Collected data:
=== Section Start ===

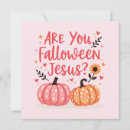 Search for christian halloween cards Pumpkin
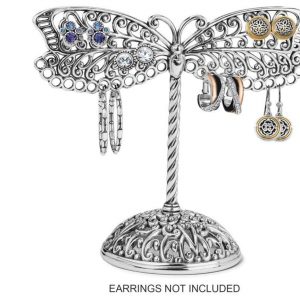 D30247 dragonfly earring tree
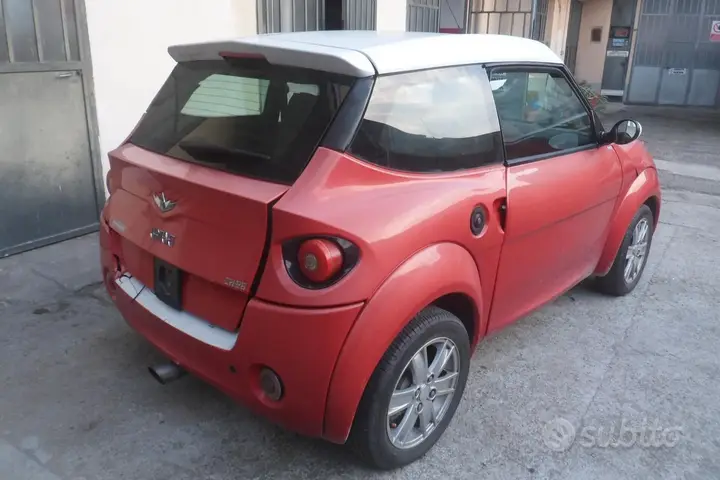 Chatenet Ch26 2011 photo 3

=== Section End ===

What to do:
The response must restate each line of the material above exactly and contain no images.

Response to the task:
 Search for christian halloween cards Pumpkin
 D30247 dragonfly earring tree
 Chatenet Ch26 2011 photo 3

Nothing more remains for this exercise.